Cette première visualisation, consacrée à la répartition du volume des essences forestières françaises et basée sur des données ouvertes de l’inventaire forestier de l’IGN, permet de constater l’évolution des essences forestières en France. Bien que le volume de bois en forêt évolue positivement, la part des essences feuillus représente la majorité de cette évolution. Et c’est une bonne nouvelle ! Si les feuillus poussent plus lentement que les résineux, ils vivent néanmoins plus longtemps et stockent ainsi le CO2 sur de plus longues périodes.
L’évolution du taux de boisement, un indicateur important d’absorption du CO2
Dans la perspective d’utiliser les ressources forestières comme des outils de lutte contre le changement climatique, augmenter le taux de boisement semble être un enjeu à part entière.
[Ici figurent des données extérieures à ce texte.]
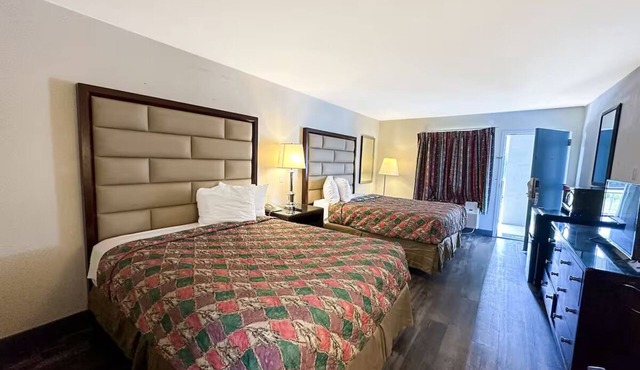 4 Relaxing Rooms w/Free Parking & Seasonal Pool | Quiet Ridgeway Sta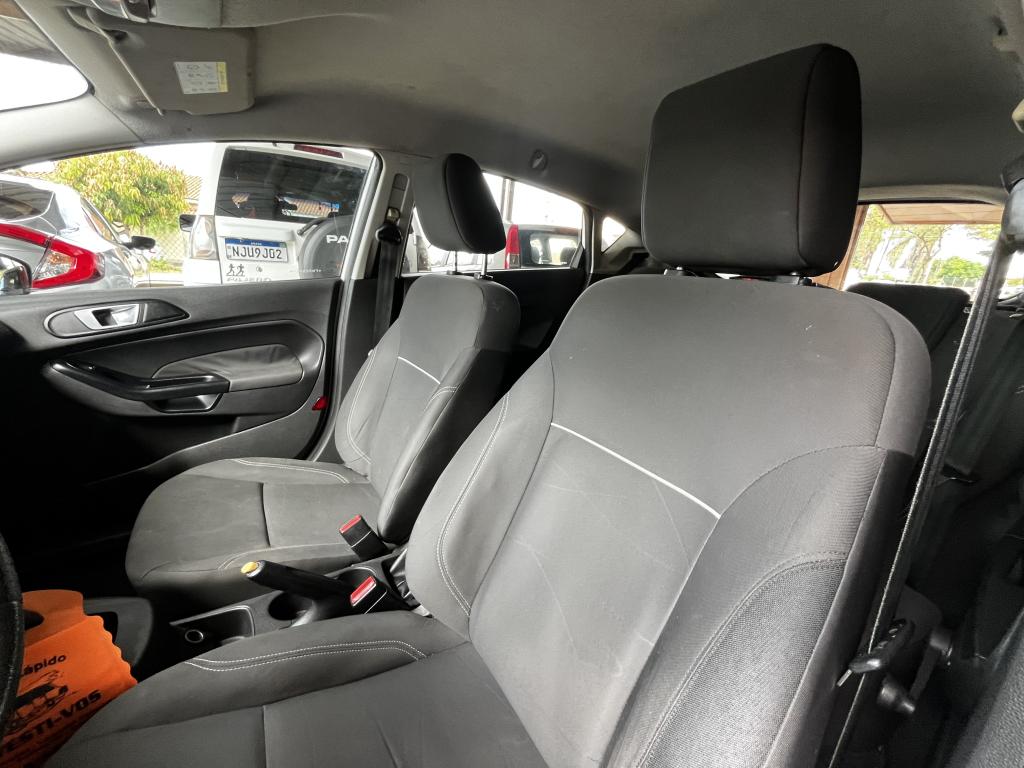 FORD Fiesta Hatch - Foto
Aussi, la deuxième visualisation réalisée à partir des données IGN représente l’évolution du taux de boisement en France.
Selon l’Office National des Forêts, un hectare de forêt permet d’absorber entre 6 à 15 tonnes de CO2 par an. Cette deuxième visualisation, consacrée au taux de boisement en France métropolitaine, nous montre son évolution positive au cours des quarante dernières années. Bien qu’inégalement répartie à l’échelle du territoire, le taux de boisement est ainsi passé de 23.4% en 1982 à 28.7% en 2017 à l’échelle du territoire métropolitain.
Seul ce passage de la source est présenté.